§ Recorded data:
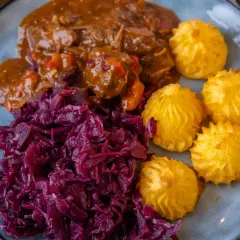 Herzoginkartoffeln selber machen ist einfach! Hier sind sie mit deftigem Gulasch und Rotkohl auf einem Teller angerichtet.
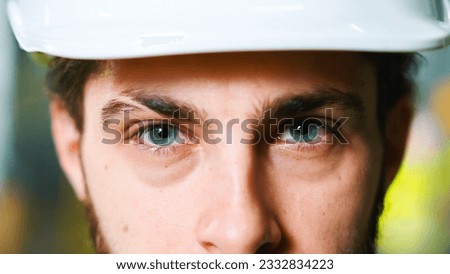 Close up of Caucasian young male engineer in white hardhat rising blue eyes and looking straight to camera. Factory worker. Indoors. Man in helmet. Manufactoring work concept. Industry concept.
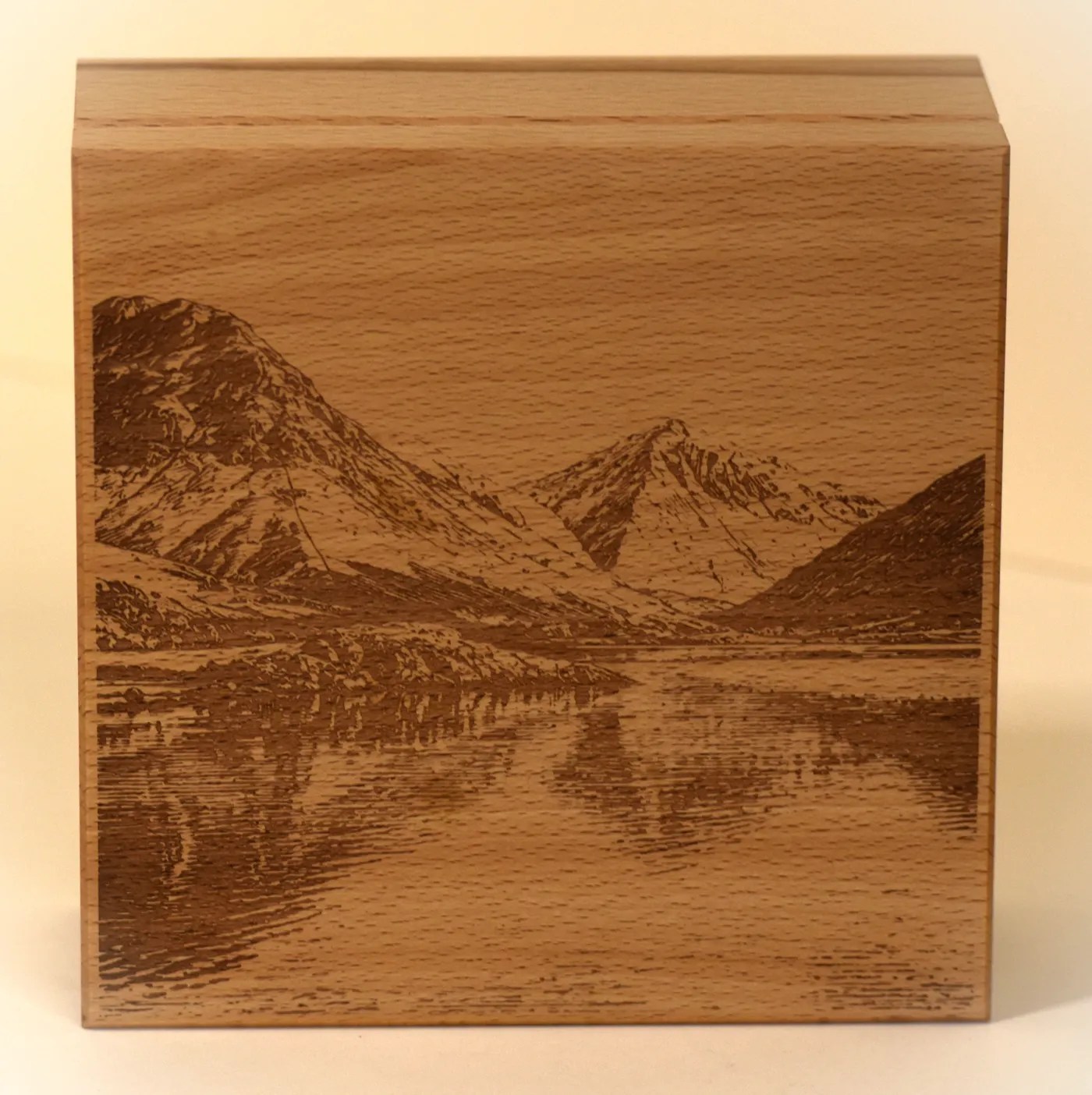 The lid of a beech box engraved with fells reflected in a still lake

§ Work to be completed: Could you give back the full listing word for word, leaving out the images?

§ Solution for this task:
 Herzoginkartoffeln selber machen ist einfach! Hier sind sie mit deftigem Gulasch und Rotkohl auf einem Teller angerichtet.
 Close up of Caucasian young male engineer in white hardhat rising blue eyes and looking straight to camera. Factory worker. Indoors. Man in helmet. Manufactoring work concept. Industry concept.
 The lid of a beech box engraved with fells reflected in a still lake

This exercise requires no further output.